Data: 1 Children: (2 3 4 5)
Data: 2 Children: (6 7 8)
Data: 6
Data: 7
Data: 8
Data: 3
Data: 4 Children: (9)
Data: 9 Children: (12)
Data: 12
Data: 5 Children: (10 11)
Data: 10
Data: 11
((1 (2 (6) (7) (8)) (3) (4 (9 (12))) (5 (10) (11))))
Notice that the list ((1 (2 ...)
is the value of one
returned by the
let form, while the information before it is being printed by
(traverse one)
.
Exercise
Write the function traverse
so that it generates the output shown above.
Compare it to the solution given below.
Tip: you can use the "~v@T"
directive to the format function to
move the cursor forward. For example:
(format t "~v@TFoo" 2)
=> Foo
(format t "~v@TBar" 4)
=> Bar
(format t "~v@TFoo" 6)
=> Foo
.
.
.
.
.
.
.
.
.
.
Let’s build the solution in steps. First we should print the node data:
(format t "~&~v@TData: ~A" padding (data tree))
The parameter padding
will tell format to indent the line a certain
number of columns. We’ll see how to calculate that later. The "~&"
directive tells format to print a newline only at the beginning of a
line.
We also need to print the children of the node, on the same line, but only if there are children to print.
(format t "~&~v@TData: ~A" padding (data tree))
(when (first-child tree)
(format t " Children: ~A" (first-child tree)))
But wait, that’s not correct, it would print the whole tree of the children of node, like this:
Data: 1 Children: ((2 (6) (7) (8)) (3) (4 (9 (12))) (5 (10) (11)))
We only want the data in the nodes of the direct children of the node, as a list. We can use the maplist function for that. maplist applies a function to successive sublists of a list.
(format t "~&~v@TData: ~A" padding (data tree))
(when (first-child tree)
(format t " Children: ~A"
(maplist #'(lambda (x) (data x))
(first-child tree))))
Now let’s wrap this in a function.
(defun traverse (tree &optional (padding 0))

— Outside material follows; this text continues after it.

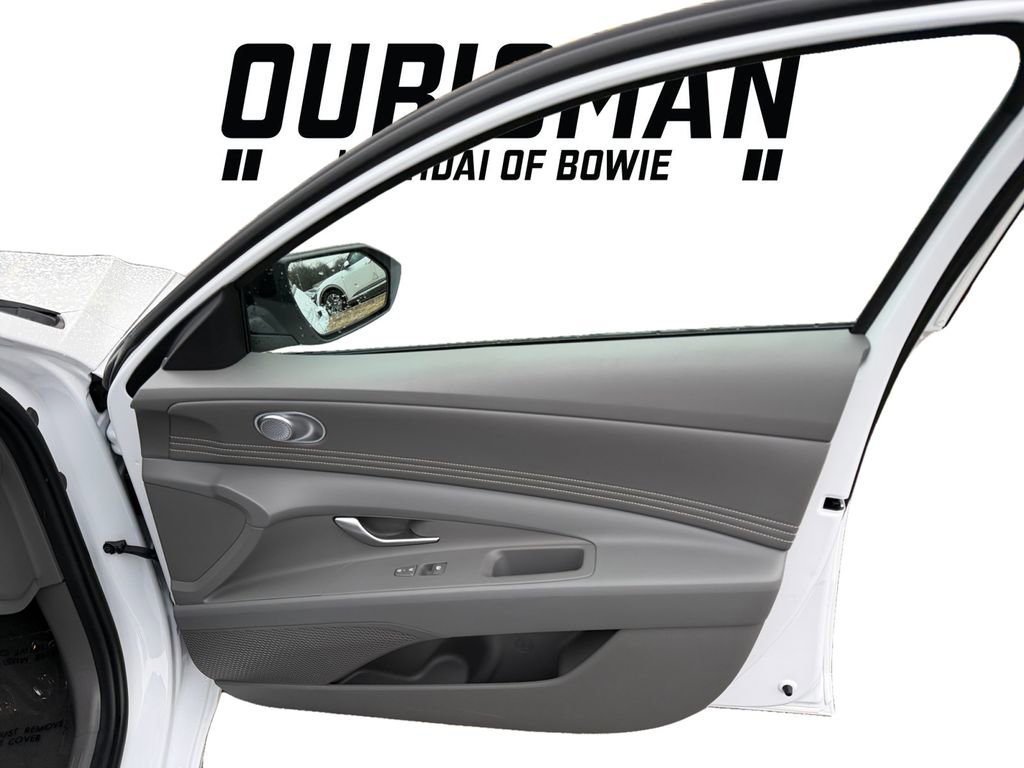 Certified 2025 Hyundai Elantra Sport image 16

(format t "~&~v@TData: ~A" padding (data tree))
(when (first-child tree)
(format t " Children: ~A"
(maplist #'(lambda (x) (data x))
(first-child tree)))))
OK, now that we have printed the data of the node and a list of the children, we have to repeat this process for each of the children of this node, and they should be printed indented below the current node.

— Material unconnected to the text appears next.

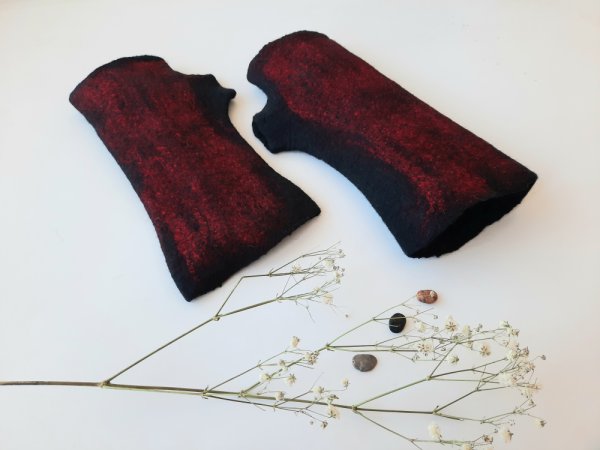 Veltos juodos vilnos ir raudonos viskozės riešinės - Wristlets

Since we already have the code to print the node and a list of its
children, we will reuse this function and do a recursive call. One
important thing to keep in mind when writing a recursive function is write
a test for ending the recursion. In this case the recursion must end when
the parameter tree
is nil
.
(defun traverse (tree &optional (padding 0))
(when tree
(format t "~&~v@TData: ~A" padding (data tree))
(when (first-child tree)
(format t " Children: ~A"
(maplist #'(lambda (x) (data x))
(first-child tree))))
(traverse (first-child tree) (+ padding 3))))
We can see above how the padding
is being incremented, in this case by
3 columns. Since the parameter padding
is optional, in the first
invocation (traverse one)
the padding
will be zero, and then it will
be incremented by 3 on each recursive invocation.

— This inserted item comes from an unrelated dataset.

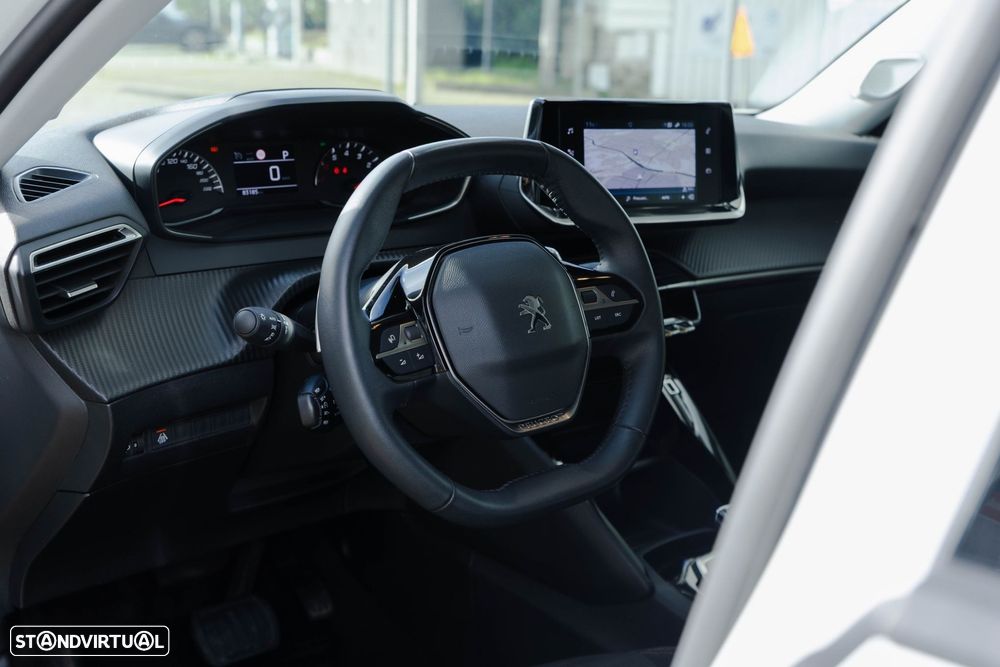 Peugeot 2008 1.2 PureTech Active EAT8 - 10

But wait, the above code will only print the leftmost nodes in the tree, we still need to print the siblings of the nodes. That is very easy.
(defun traverse (tree &optional (padding 0))
(when tree
(format t "~&~v@TData: ~A" padding (data tree))
(when (first-child tree)
(format t " Children: ~A"
(maplist #'(lambda (x) (data x))
(first-child tree))))
(traverse (first-child tree) (+ padding 3))
(traverse (next-sibling tree) padding)))
Since the siblings should be printed at the same level as the current
node, the padding
is left unmodified.
:EOF
And that’s it. I hope this helped you get a better grasp of how conses work.